17/03/2017 11:34 AM AEDT | Updated 17/03/2017 2:37 PM AEDT

The Strength, Resilience And Hidden Message Behind Steve Smith's Mona Lisa Smile

We think we know exactly what he's thinking.

Take that, Virat.
Adnan Abidi / Reuters
Take that, Virat.

Look at that face. Just look at it. Like the Mona Lisa's smile, the calm expression on Australian cricket captain Steve Smith's face is very much open to interpretation. But we think we've got a fair idea what it means.

The image shows Smith reaching his century on day one of the third Test between Australia and India in the north-eastern city of Ranchi. A little context:

Smith was under enormous personal pressure after the ill-tempered second Test in Bengaluru, which India won to square the series 1-1. In Australia's second innings, he was out LBW and looked to the dressing room -- at the suggestion of batting partner Peter Handscomb -- to see whether the dismissal was worth reviewing.

This is something you are most definitely not allowed to do. The decision to review umpiring decisions must be made on the field, and quickly. Seeking external counsel is not an option.

Danish Siddiqui / Reuters
Kohli immediately approached the umpire to complain about Smith, which he was justified in doing.

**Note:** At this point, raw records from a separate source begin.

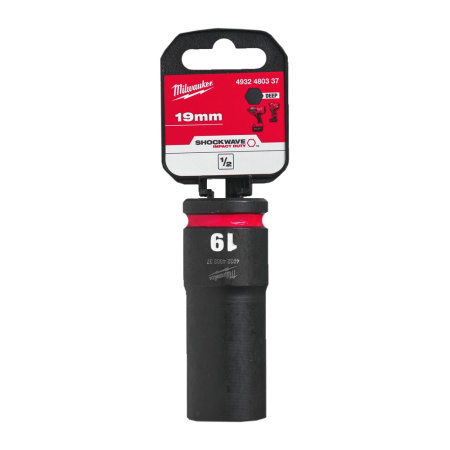 Головка Milwaukee 1/2" ударная удлиненная SHOCKWAVE 19мм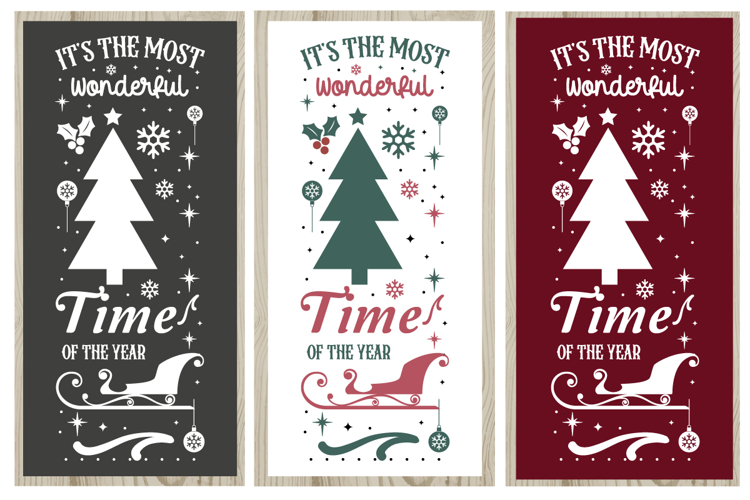 Its The Most Wonderful Time Of The Year Porch sign Designs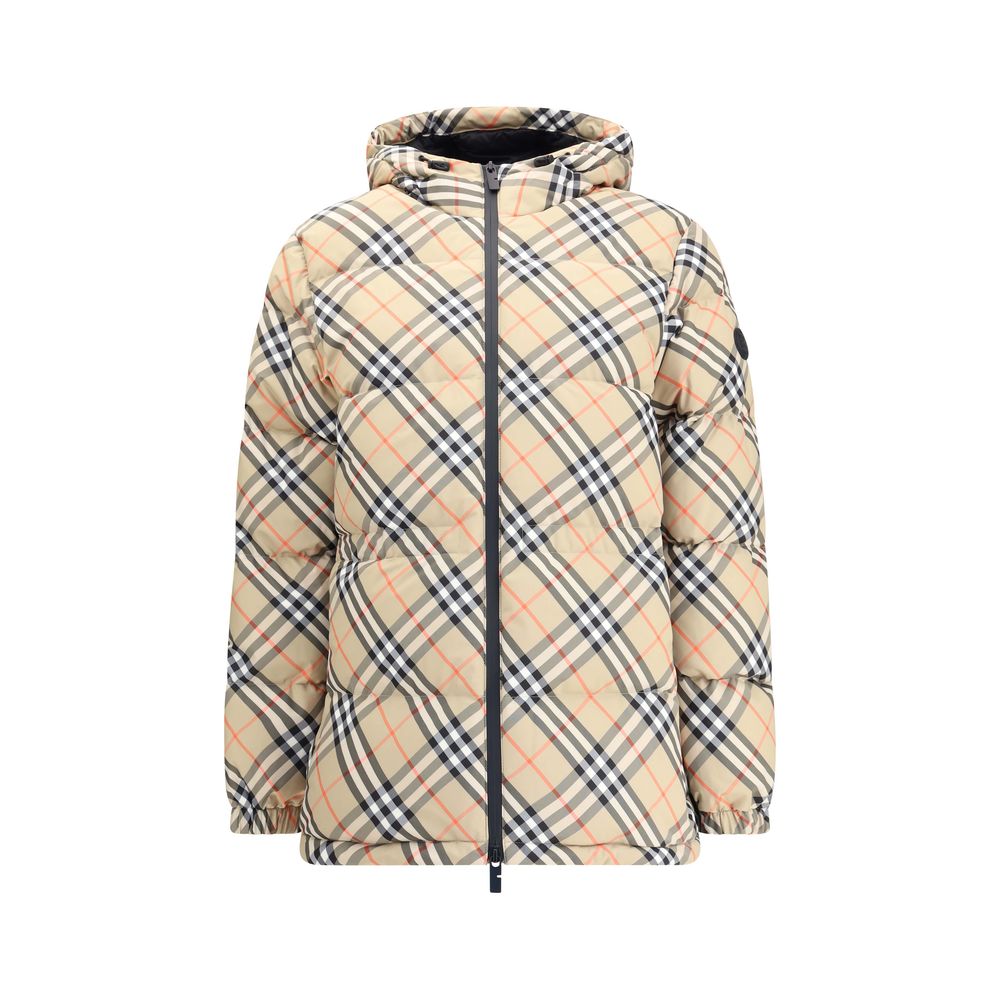 Burberry Hooded Check Down Jacket - ACCEXO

Smith apologised immediately afterwards, attributing the moment to a "brain fade". But the India media pounced, spurred on by combative Indian captain skipper Virat Kohli who stopped short of using the word "cheating" but said "there are lines you don't cross on the cricket field" in the post-match press conference.

As the saga bubbled on, former Indian cricket greats called for Smith's suspension, while Cricket Australia chief James Sutherland took the unusual step of weighing in, saying "I find the allegations questioning the integrity of Steve Smith, the Australian team and the dressing room, outrageous".

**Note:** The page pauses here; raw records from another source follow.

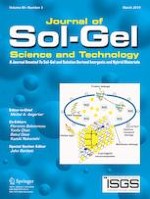 Journal of Sol-Gel Science and Technology 3/2019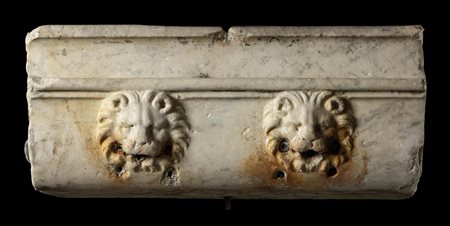 FONTANA IN MARMO CON TESTE DI LEONI
I secolo a.C. - I secolo d.C.
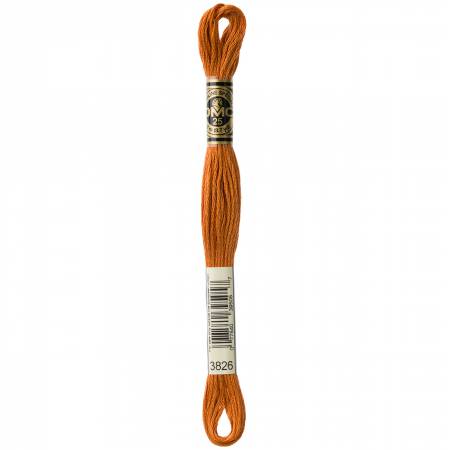 DMC Six Strand Embroidery Floss - Colour 3826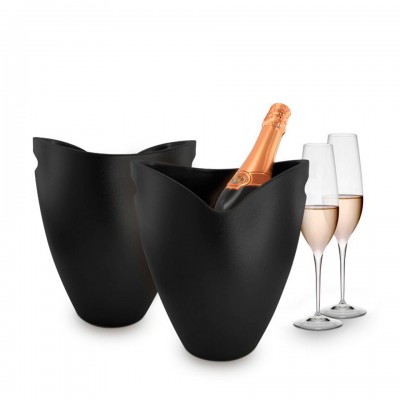 Ведерко для охлаждения вина и шампанского Pulltex Ice Bucket Black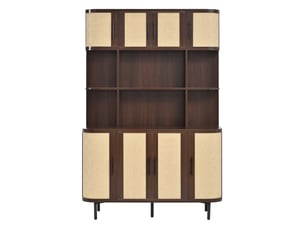 Buffet 8 porte(s) DZMDIP - 120 cm coloris bois foncé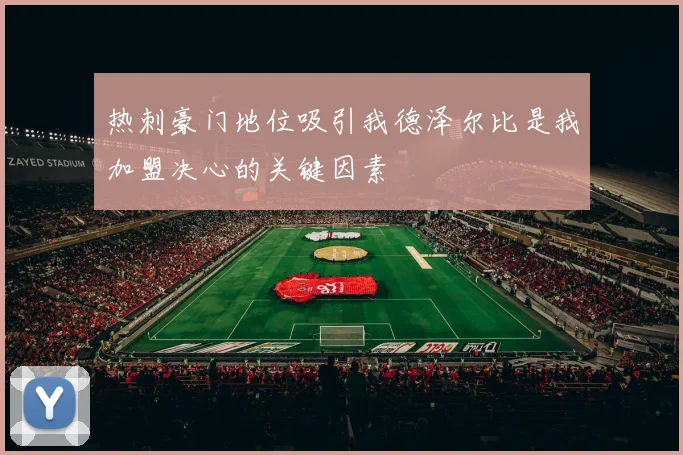 热刺豪门地位吸引我德泽尔比是我加盟决心的关键因素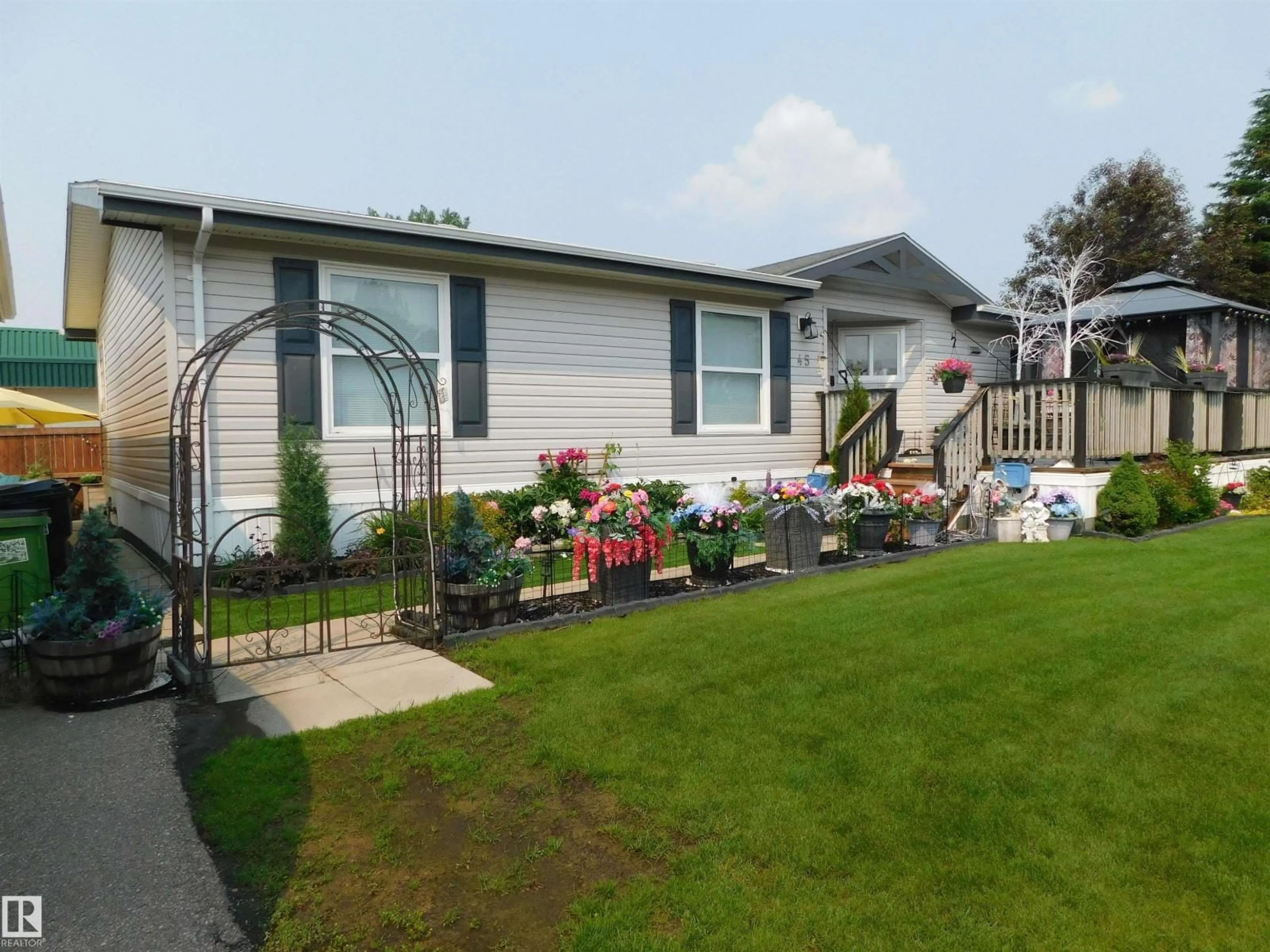 Home with vinyl exterior material, street for 45 CRYSTAL CR, Edmonton Alberta T6P1Z6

Against the backdrop 1.2 billion Indian cricket fans baying for his blood, Smith can not have gone into the third Test with a clear mind. But from the moment he strode to the batting crease, he looked his usual calm, assured self.

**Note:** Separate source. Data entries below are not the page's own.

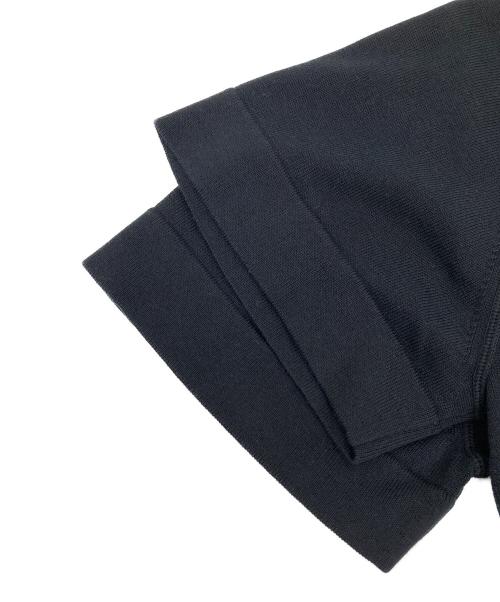 DRAWER（ドゥロワー）DRAWER (ドゥロワー) クルーネックショートスリーブ ブラック サイズ:1の古着・服飾アイテム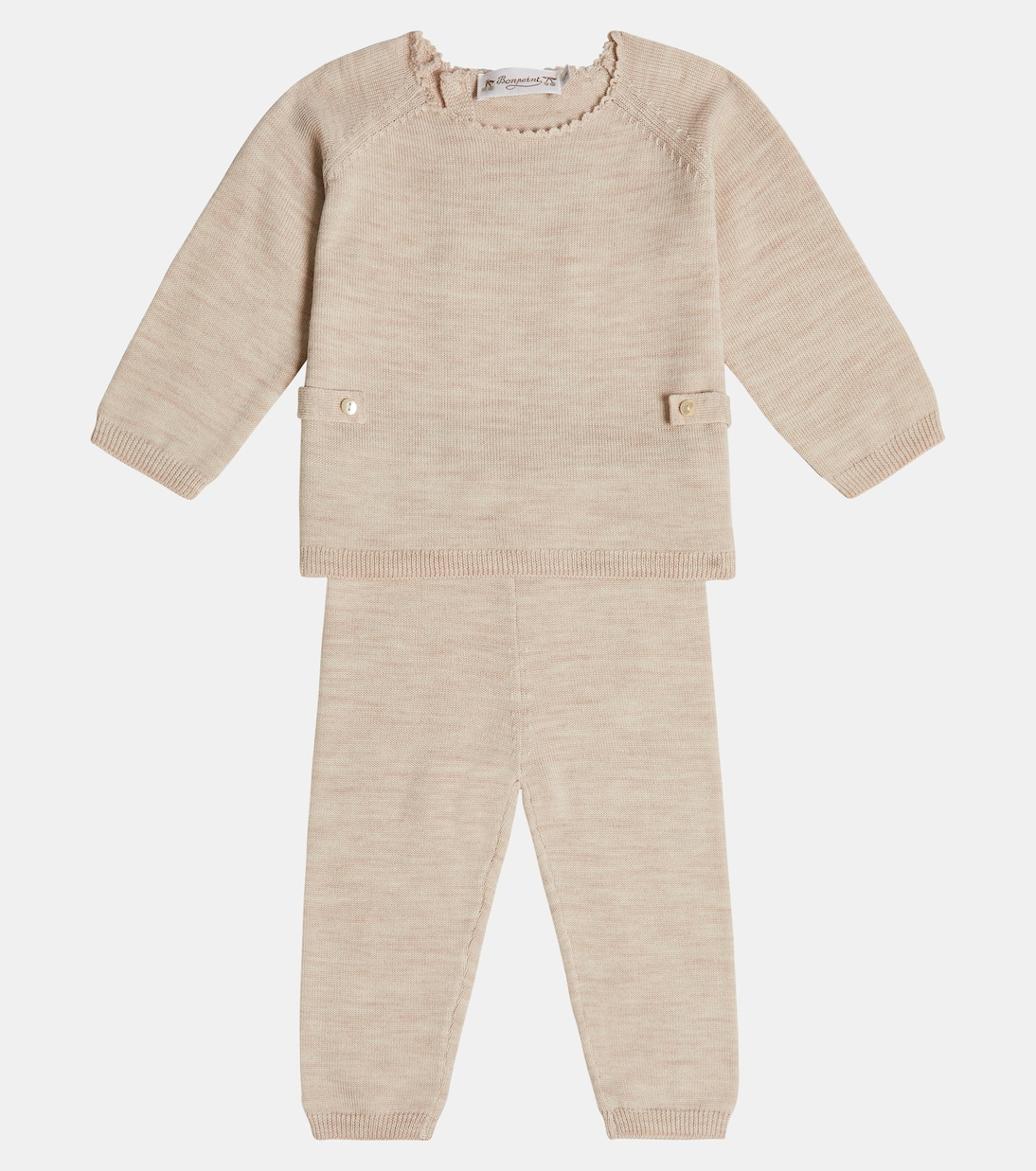Baby wool sweater and pants set | Bonpoint
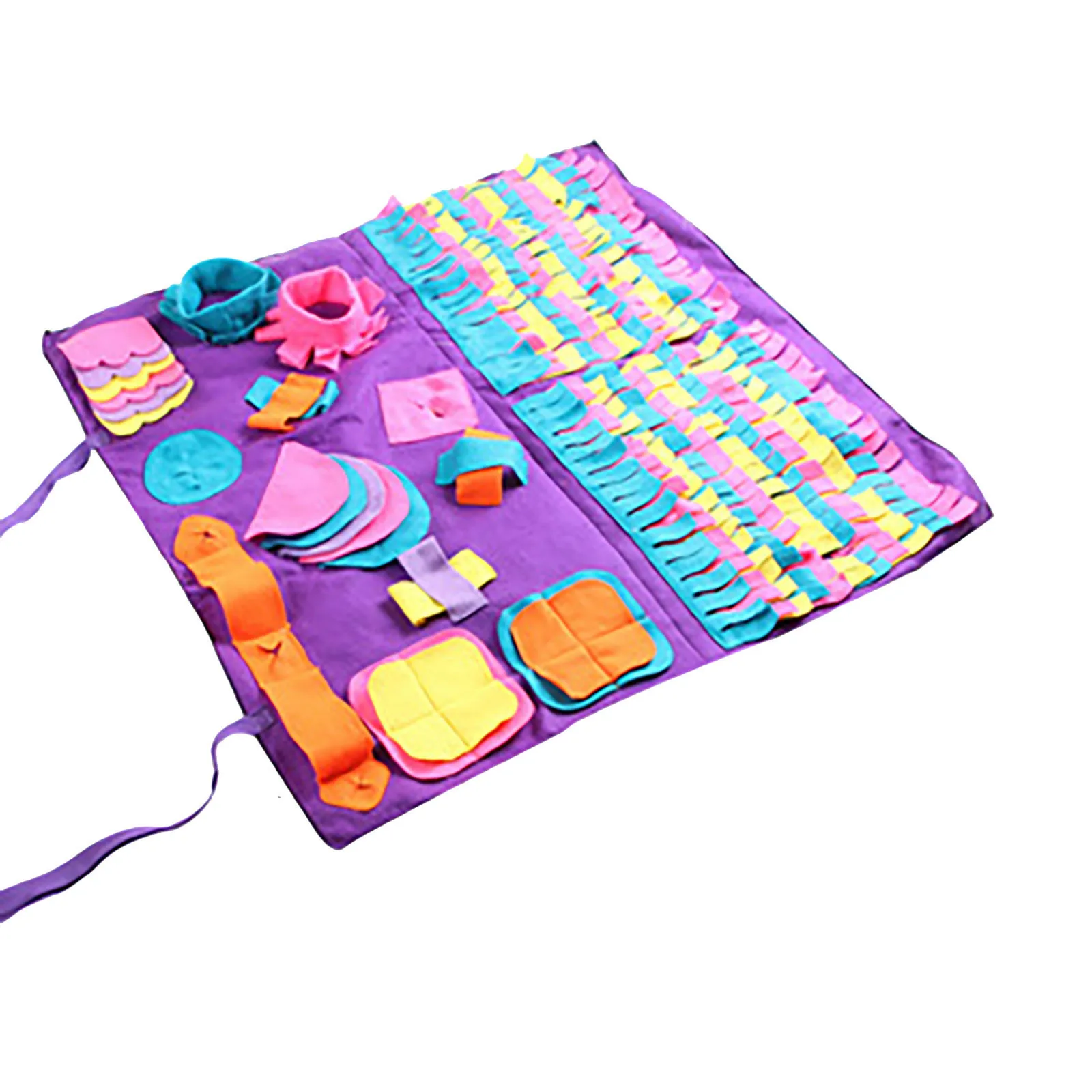 Plegable alfombra oliendo perro mascota grande Mat antideslizante juego interactivo alfombra de juego interactivo alfombra almohadilla gato perro Manta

Smith, by any measure, is the best batsman in world cricket. But the guy's human. It's hard to perform at your best with turmoil all around you. Meanwhile, an unheralded new-look Australian team is valiantly trying to win a Test series in India, something they have achieved only once. For a man with slender shoulders, Smith is carrying quite the burden.

Normally when a sportsperson achieves success with so much going on in the background, they display aggression. This is Virat Kohli's way. The Indian captain has been all fist pumps and lion roars at big moments for India in this series.

Smith? He was Mr Cool when he reached a century which help put Australia in a very strong position late on day one. On his face was satisfaction and relief. And there was also a half smile, which as mentioned, could be interpreted as many ways as the Mona Lisa's.

Adnan Abidi / Reuters
On this occasion, it was more than appropriate to turn to the dressing room.

We'll leave that interpretation up to you, but suffice to say, that expression was in many ways more meaningful than an overt display of aggression.

Great leaders don't let the opposition know what they're thinking, and if Steve Smith's smile had a hidden message of "cop that, India!", he was poised and clever enough not to make it obvious.

Meanwhile, here's how the (Indian) blokes who compile the live commentary on the world's leading cricket site ESPNCricinfo saw it:

"Vijay to Smith, FOUR, he is the only man to have scored a century this series, and he makes it two now. Full ball, middle and leg, and he drives this straight of mid-on for four. He is just content. He is not angry after what all has gone around him and against him. He just removes his helmet and gracefully accepts the applause."

What a player. And what a captain. Smith is 117 not out and will resume his innings on Friday afternoon (AEDT) hoping to make this match close to unwinnable for India.